# [DATA FOR ANALYSIS]
========================================================================

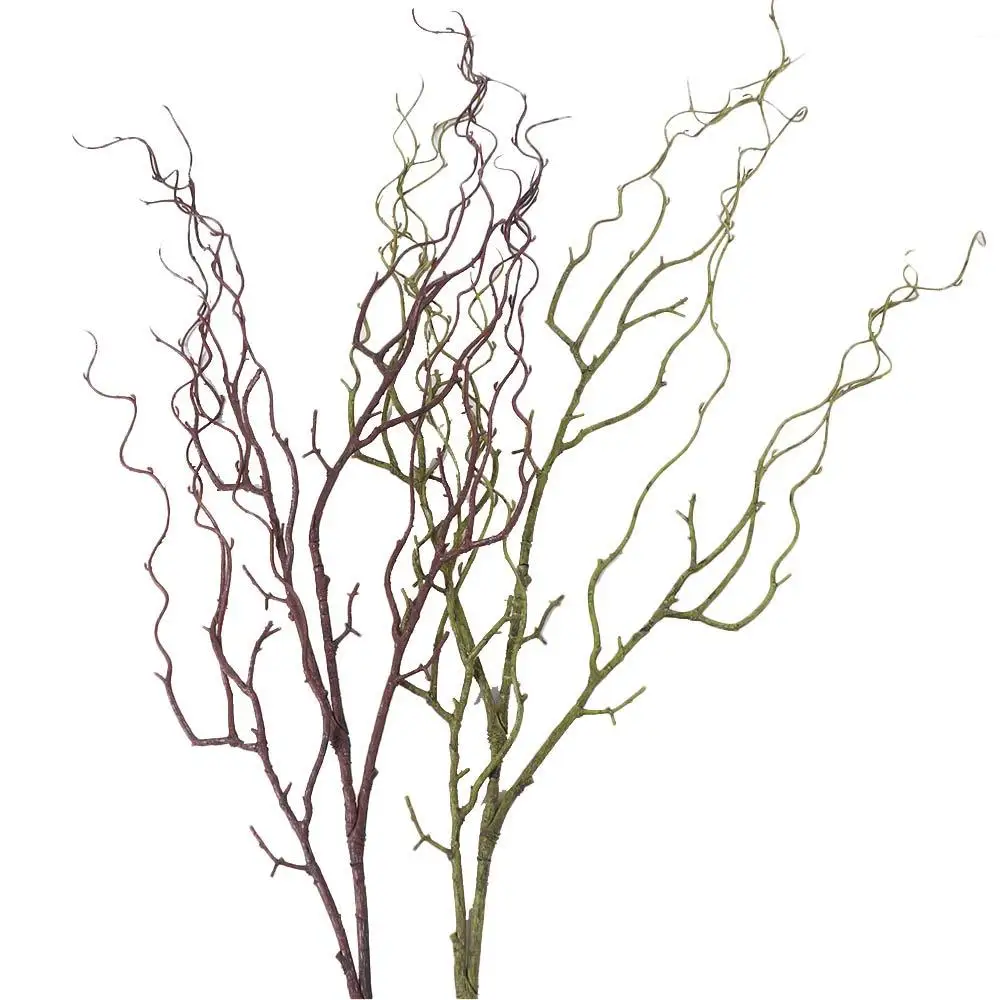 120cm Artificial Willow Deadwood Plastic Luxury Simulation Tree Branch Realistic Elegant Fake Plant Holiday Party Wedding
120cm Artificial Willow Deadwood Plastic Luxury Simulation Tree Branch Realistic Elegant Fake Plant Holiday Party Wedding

========================================================================

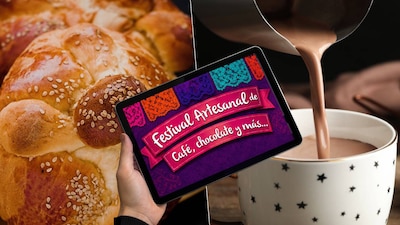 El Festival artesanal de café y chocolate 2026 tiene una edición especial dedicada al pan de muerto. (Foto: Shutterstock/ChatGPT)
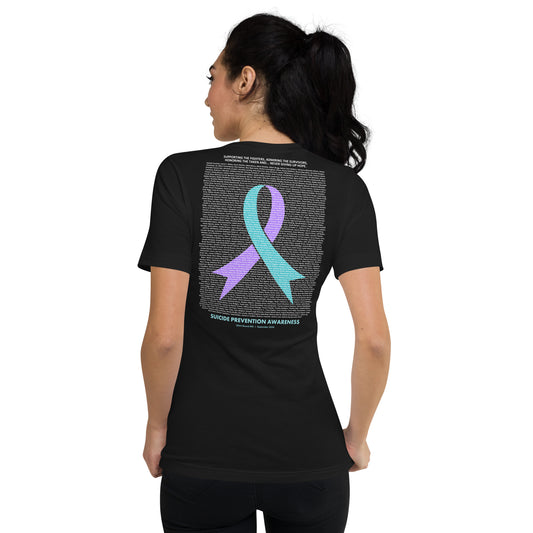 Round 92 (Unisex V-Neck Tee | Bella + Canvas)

========================================================================

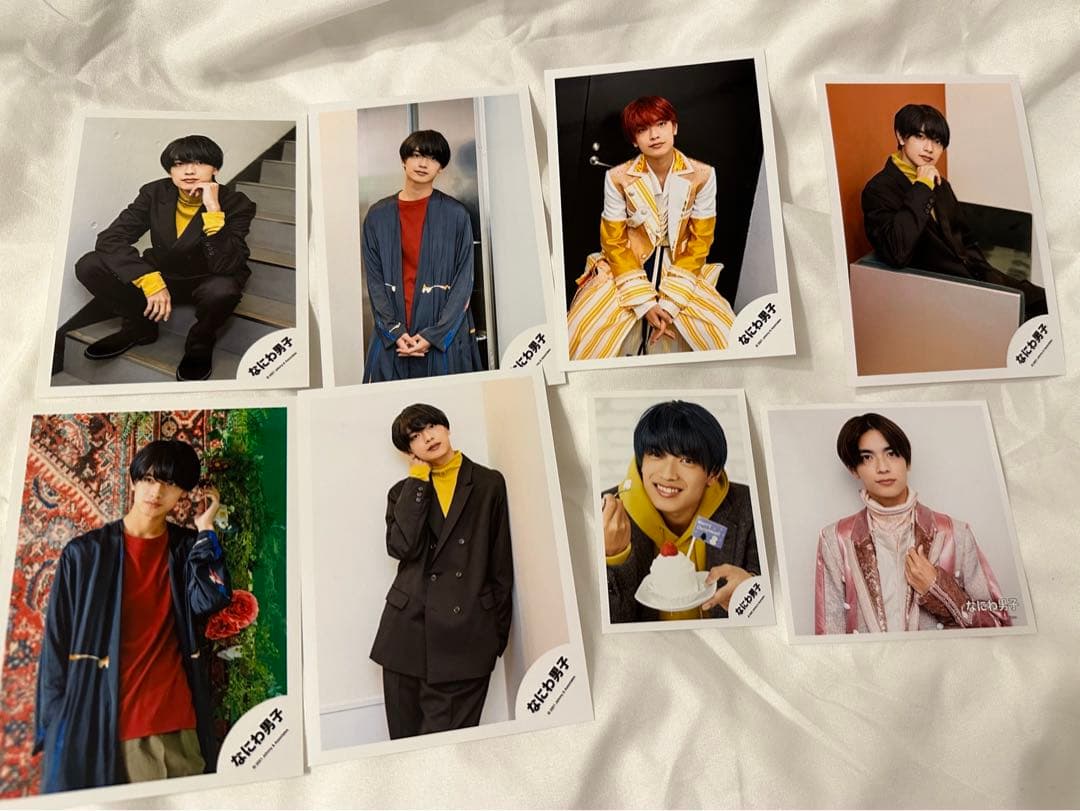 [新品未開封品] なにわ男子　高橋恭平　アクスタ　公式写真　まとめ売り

========================================================================

# [TASK TO COMPLETE]
Starting with the line that contains "El Festival artesanal" and finishing with the line that contains "Round 92 (Unisex", reproduce every line of the material above exactly, but not the pictures.

# [EXERCISE RESPONSE]
 El Festival artesanal de café y chocolate 2026 tiene una edición especial dedicada al pan de muerto. (Foto: Shutterstock/ChatGPT)
 Round 92 (Unisex V-Neck Tee | Bella + Canvas)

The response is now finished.